The Airedale responds well to positive reinforcement. This is the case for many breeds, but some owners prefer dogs that can be instructed under more physical styles of training. Such individuals should avoid Airedales. Finally, Airedale terriers should be raised in high-activity homes. While the overwhelming majority of Airedale owners told the American Kennel Club (AKC) that their Airedales got along well with children, other pets, and in training scenarios, 48 percent reported their terriers to dislike extended periods of time alone.
A medical doctor based in Oklahoma City, OK, William D. Jones, MD received his medical training from Brown University. He completed his residency training in OK and currently concentrates on occupational and preventive medicine. William D. Jones, MD has lived in France twice and is fluent in French, having studied the language from the 8th grade through his senior year in college.

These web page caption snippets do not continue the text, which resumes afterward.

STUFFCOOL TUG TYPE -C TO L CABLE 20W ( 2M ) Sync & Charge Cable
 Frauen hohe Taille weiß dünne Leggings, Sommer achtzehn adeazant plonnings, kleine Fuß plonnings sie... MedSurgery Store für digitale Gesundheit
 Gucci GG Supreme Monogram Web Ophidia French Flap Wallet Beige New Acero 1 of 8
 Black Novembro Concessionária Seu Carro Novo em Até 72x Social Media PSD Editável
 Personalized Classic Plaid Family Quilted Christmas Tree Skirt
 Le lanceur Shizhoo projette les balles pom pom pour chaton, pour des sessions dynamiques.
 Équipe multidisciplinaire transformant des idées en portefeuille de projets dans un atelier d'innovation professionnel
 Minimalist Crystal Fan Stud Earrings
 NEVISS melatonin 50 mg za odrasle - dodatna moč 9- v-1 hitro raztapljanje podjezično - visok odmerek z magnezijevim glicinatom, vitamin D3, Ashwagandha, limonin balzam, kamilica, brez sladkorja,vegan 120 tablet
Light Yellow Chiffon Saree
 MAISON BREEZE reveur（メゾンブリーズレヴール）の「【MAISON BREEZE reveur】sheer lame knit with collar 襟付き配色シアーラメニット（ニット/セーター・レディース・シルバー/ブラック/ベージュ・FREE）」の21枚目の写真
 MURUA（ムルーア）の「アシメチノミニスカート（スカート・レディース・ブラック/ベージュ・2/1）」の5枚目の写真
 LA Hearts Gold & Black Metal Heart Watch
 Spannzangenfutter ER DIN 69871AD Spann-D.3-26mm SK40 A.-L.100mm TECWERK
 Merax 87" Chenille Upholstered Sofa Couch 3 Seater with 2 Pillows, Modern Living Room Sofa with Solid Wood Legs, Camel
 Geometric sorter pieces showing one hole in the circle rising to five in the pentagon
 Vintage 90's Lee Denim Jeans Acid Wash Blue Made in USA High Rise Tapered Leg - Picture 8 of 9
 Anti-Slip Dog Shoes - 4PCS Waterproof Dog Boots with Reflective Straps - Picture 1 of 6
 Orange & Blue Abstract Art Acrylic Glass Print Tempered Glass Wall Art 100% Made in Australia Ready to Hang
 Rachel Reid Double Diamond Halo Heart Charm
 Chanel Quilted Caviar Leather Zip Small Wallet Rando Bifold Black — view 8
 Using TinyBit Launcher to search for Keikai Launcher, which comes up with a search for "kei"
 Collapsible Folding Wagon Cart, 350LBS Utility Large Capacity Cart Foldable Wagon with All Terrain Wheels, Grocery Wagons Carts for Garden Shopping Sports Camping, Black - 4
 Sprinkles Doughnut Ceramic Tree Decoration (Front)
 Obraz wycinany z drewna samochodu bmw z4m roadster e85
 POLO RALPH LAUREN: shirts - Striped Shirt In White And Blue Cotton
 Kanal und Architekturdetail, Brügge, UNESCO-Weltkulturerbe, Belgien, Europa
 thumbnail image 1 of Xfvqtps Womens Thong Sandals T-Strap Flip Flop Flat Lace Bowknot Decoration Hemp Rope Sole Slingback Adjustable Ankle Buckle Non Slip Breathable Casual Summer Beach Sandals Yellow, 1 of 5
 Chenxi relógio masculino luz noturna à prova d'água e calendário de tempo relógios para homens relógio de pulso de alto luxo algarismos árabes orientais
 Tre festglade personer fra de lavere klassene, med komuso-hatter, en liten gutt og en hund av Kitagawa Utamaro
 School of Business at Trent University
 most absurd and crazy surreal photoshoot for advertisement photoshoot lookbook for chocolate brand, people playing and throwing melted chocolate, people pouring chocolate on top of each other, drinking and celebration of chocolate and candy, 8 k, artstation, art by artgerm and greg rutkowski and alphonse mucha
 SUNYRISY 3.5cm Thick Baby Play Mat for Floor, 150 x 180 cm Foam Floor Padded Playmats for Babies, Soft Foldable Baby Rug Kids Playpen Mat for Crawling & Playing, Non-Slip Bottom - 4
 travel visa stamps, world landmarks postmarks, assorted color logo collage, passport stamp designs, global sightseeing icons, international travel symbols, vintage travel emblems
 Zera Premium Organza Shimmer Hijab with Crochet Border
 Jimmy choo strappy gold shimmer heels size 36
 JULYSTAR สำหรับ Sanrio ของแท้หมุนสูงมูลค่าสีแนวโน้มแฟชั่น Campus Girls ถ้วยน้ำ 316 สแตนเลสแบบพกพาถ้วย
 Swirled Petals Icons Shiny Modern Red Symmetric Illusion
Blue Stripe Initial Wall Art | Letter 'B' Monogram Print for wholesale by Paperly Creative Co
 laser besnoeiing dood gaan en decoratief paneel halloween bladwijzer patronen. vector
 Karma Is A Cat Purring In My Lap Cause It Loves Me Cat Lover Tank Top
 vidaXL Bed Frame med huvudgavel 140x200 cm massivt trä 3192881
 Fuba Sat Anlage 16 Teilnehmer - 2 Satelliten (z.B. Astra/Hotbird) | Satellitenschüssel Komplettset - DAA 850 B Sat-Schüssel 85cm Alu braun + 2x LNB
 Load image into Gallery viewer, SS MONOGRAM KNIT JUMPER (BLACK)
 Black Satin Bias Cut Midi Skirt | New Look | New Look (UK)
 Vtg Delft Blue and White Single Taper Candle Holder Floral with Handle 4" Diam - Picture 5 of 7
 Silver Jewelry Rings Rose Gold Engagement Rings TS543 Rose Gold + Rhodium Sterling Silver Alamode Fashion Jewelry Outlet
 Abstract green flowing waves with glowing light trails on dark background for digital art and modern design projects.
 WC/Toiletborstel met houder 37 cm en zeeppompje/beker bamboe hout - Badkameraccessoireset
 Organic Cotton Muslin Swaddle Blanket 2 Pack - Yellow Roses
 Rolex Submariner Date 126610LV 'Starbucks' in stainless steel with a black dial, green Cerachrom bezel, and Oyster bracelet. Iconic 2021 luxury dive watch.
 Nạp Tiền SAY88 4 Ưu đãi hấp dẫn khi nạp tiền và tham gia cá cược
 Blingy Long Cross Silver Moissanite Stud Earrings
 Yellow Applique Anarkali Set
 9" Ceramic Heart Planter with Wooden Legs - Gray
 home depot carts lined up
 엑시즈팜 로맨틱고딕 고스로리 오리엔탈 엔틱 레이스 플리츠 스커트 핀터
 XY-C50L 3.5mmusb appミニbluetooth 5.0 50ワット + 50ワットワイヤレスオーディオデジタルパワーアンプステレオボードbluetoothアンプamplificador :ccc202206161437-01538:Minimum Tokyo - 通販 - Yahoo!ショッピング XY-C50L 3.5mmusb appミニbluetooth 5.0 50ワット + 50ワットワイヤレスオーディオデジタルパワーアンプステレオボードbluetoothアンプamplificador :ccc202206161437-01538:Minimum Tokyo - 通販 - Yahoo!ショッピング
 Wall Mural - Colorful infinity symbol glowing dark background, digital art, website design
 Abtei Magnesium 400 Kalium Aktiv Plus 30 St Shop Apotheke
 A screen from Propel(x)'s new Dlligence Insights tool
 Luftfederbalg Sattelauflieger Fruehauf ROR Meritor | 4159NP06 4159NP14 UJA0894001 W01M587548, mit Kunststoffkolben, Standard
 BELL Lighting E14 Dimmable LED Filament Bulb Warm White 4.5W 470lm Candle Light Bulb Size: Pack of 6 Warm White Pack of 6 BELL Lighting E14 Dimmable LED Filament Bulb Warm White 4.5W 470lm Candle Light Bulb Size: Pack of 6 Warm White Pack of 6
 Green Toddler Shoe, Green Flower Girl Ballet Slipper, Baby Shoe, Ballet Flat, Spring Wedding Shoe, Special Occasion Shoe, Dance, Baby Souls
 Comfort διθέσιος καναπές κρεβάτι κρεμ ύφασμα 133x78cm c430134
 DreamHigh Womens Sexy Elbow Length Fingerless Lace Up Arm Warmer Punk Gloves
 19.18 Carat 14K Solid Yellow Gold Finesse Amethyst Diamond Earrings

French is one of the top ten most spoken languages in the world, hence it is one of the top priorities when it comes to learning another language. For native English speakers, French is one of the easier languages to learn due to its Latin base and its many vocabulary intersections with the English language.
However, learning French comes with its fair share of challenges. One of the greatest hurdles French language learners encounter is the use of gender. French words have masculine and feminine forms, which is different than English use. Moreover, there is no easy rule that covers word gender, so the learner must make an effort to remember if a particular word is masculine or feminine and be cognitively aware of it before saying it. The more that it is practiced, the easier it will be to master it.